- _What the task requires_:
Make an exact copy, from the records below, of the lines from the line containing "112 Castaway Cove, Cedar Point, NC 28584" to the line containing "White Sox defeat", both lines included, excluding pictures.

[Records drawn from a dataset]
==========
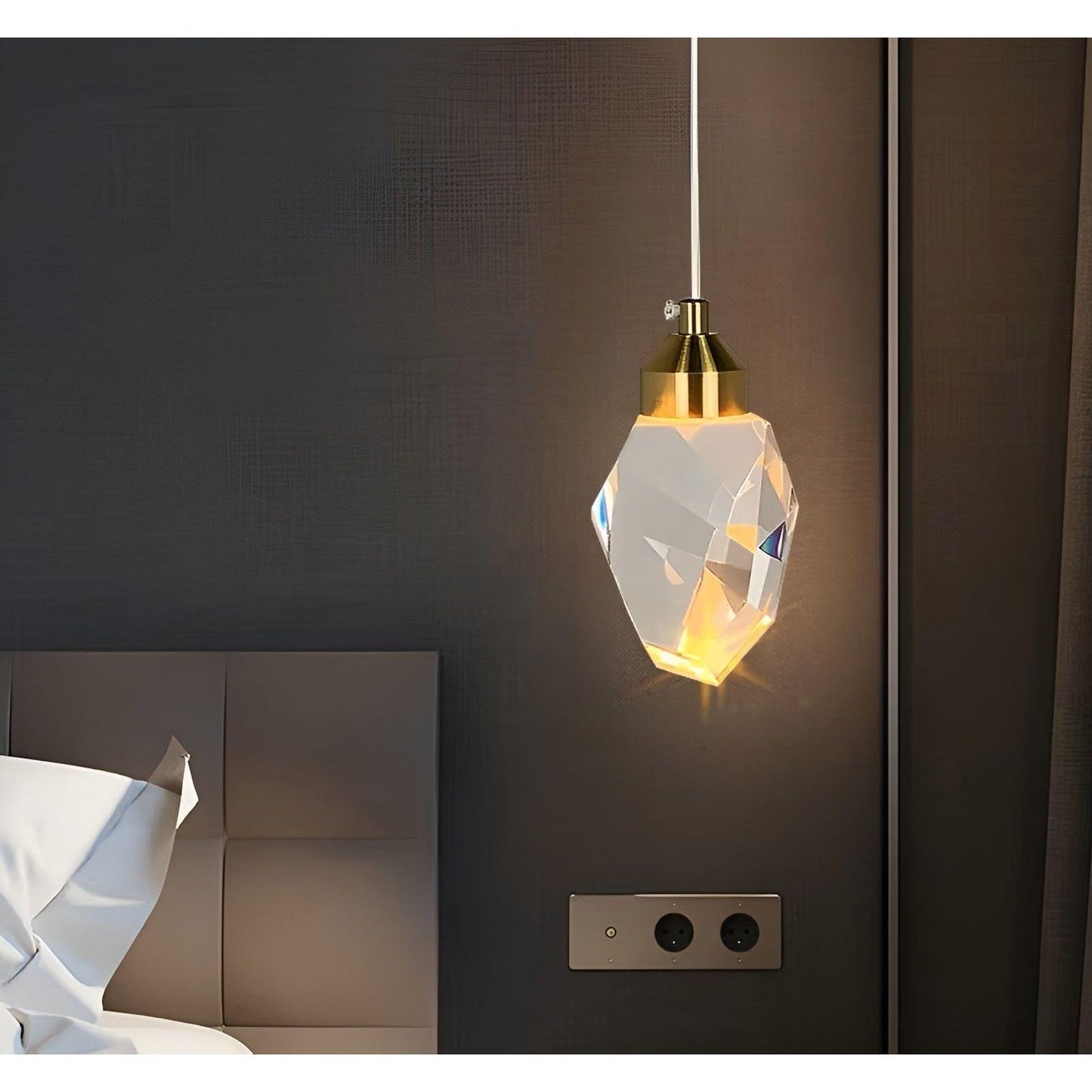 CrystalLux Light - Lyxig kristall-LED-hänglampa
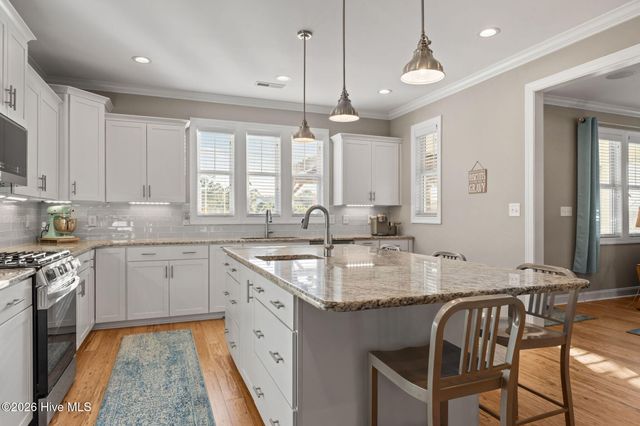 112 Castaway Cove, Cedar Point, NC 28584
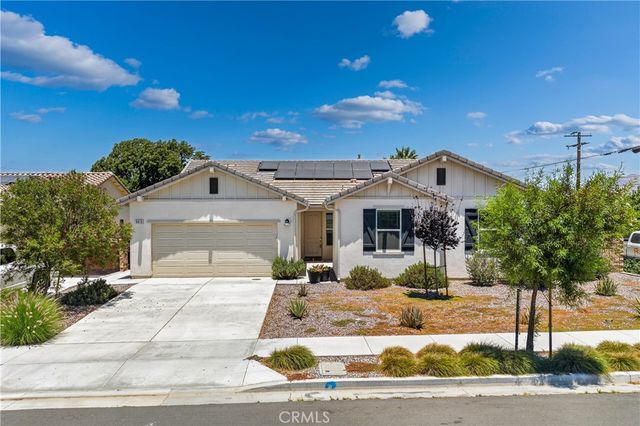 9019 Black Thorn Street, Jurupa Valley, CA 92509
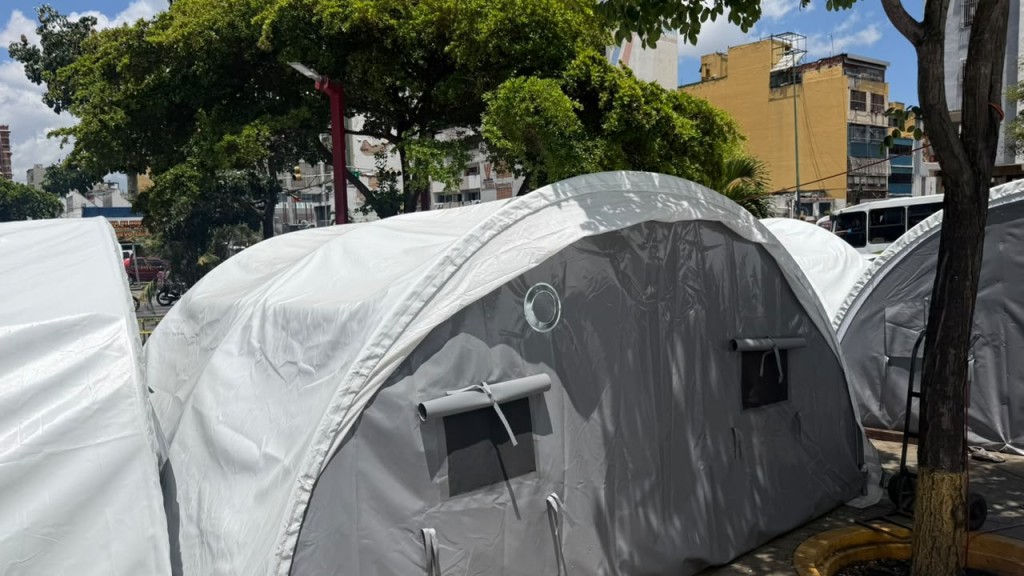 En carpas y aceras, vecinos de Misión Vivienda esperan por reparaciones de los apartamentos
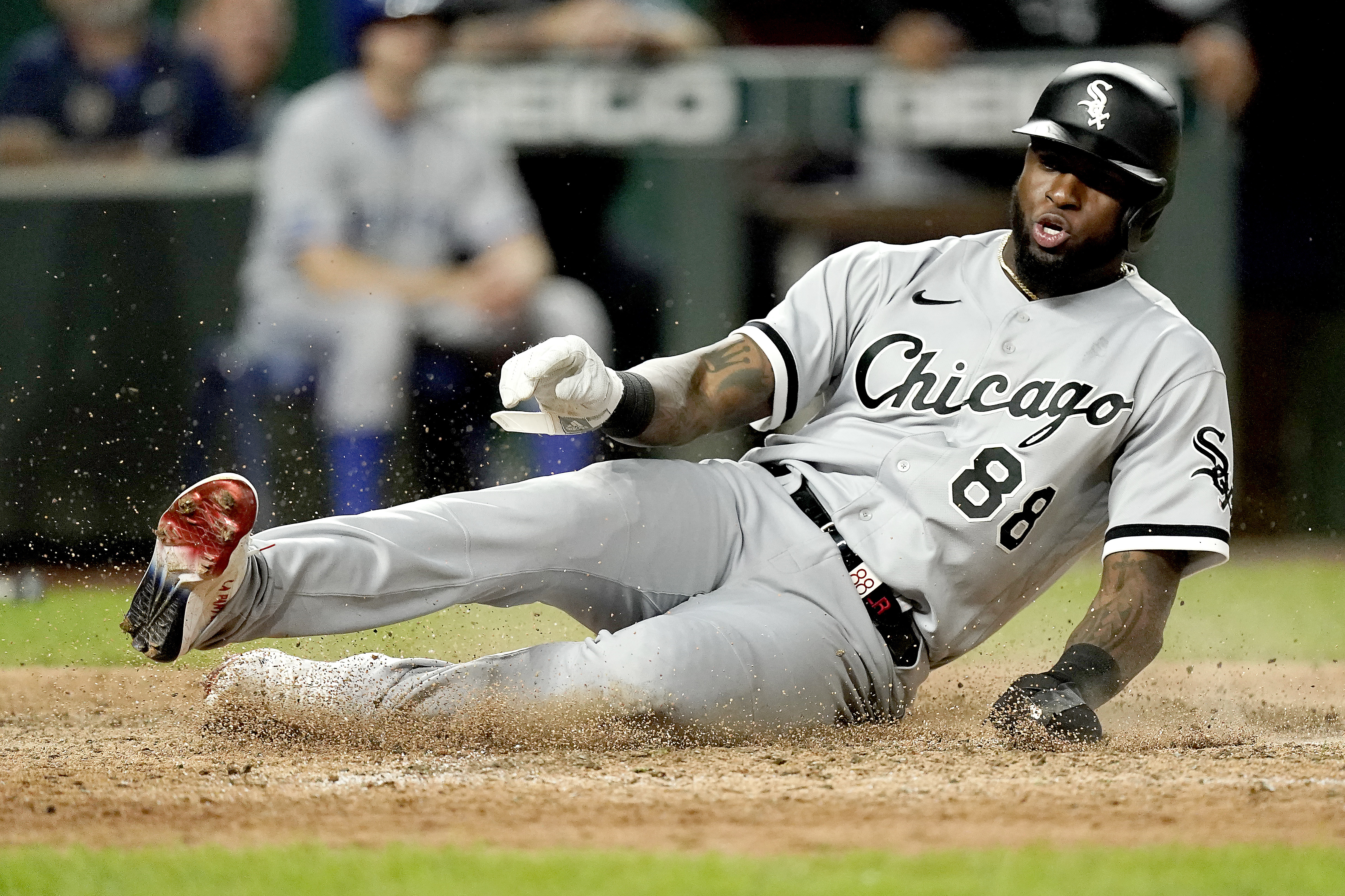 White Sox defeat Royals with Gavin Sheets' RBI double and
==========
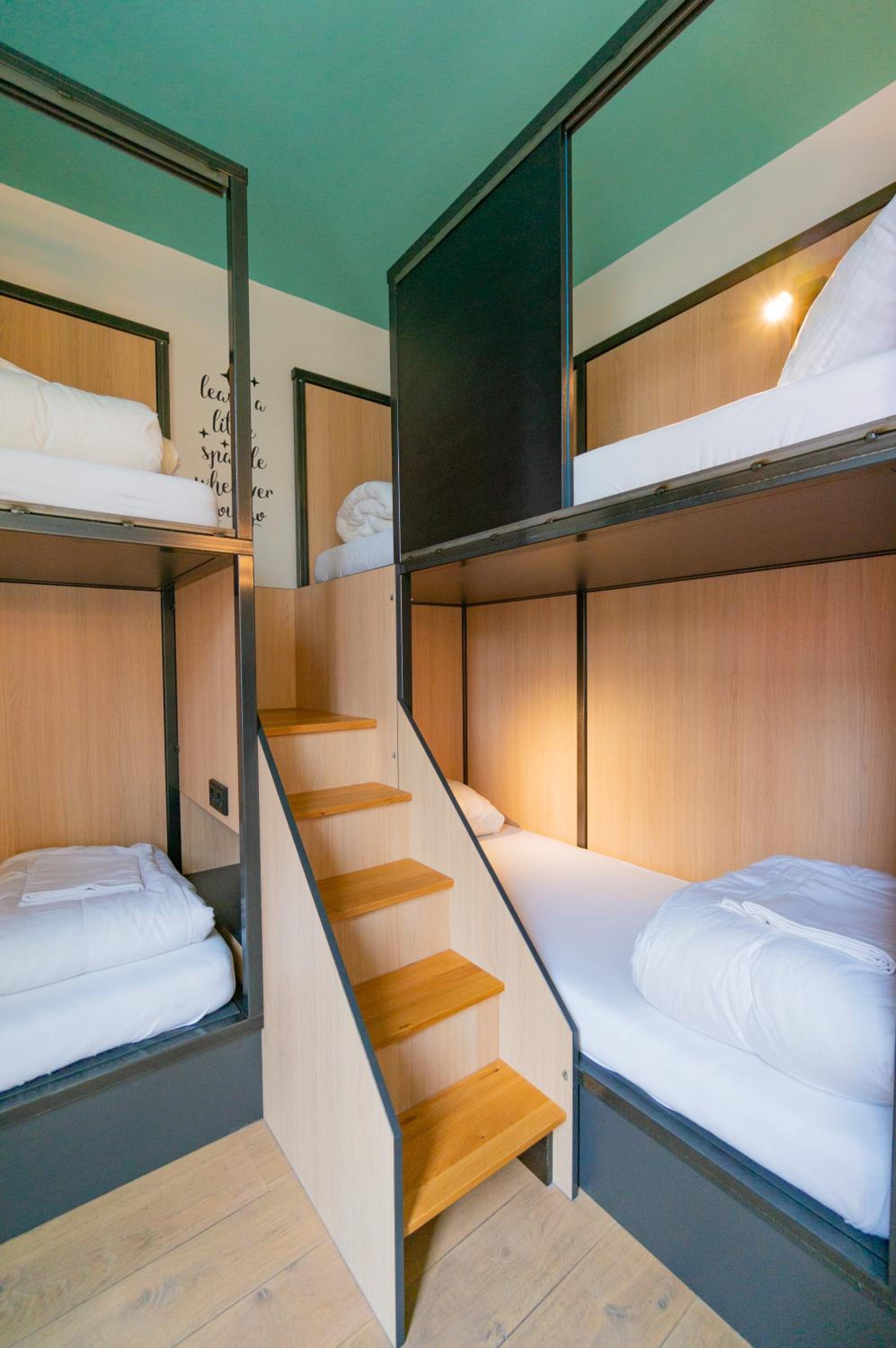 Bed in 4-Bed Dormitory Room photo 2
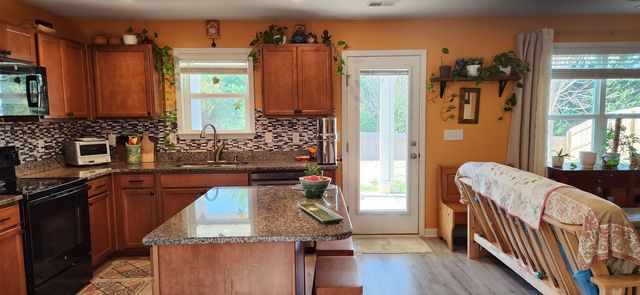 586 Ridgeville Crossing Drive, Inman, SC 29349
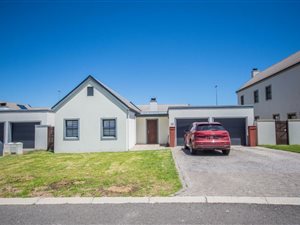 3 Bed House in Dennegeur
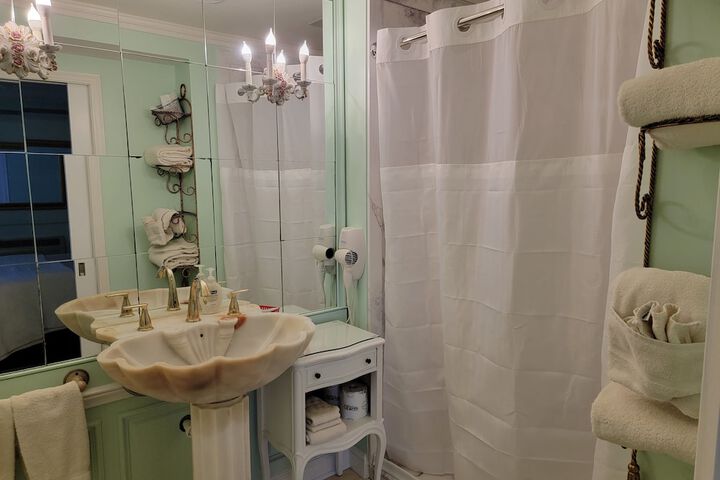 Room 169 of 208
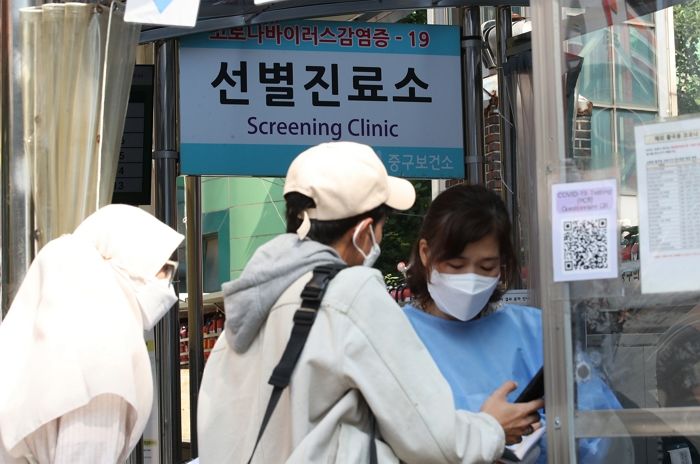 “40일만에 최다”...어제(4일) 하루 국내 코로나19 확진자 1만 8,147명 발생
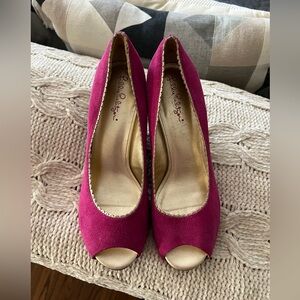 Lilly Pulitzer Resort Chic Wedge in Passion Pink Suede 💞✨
==========
- _Answer to the problem_:
 112 Castaway Cove, Cedar Point, NC 28584
 9019 Black Thorn Street, Jurupa Valley, CA 92509
 En carpas y aceras, vecinos de Misión Vivienda esperan por reparaciones de los apartamentos
 White Sox defeat Royals with Gavin Sheets' RBI double and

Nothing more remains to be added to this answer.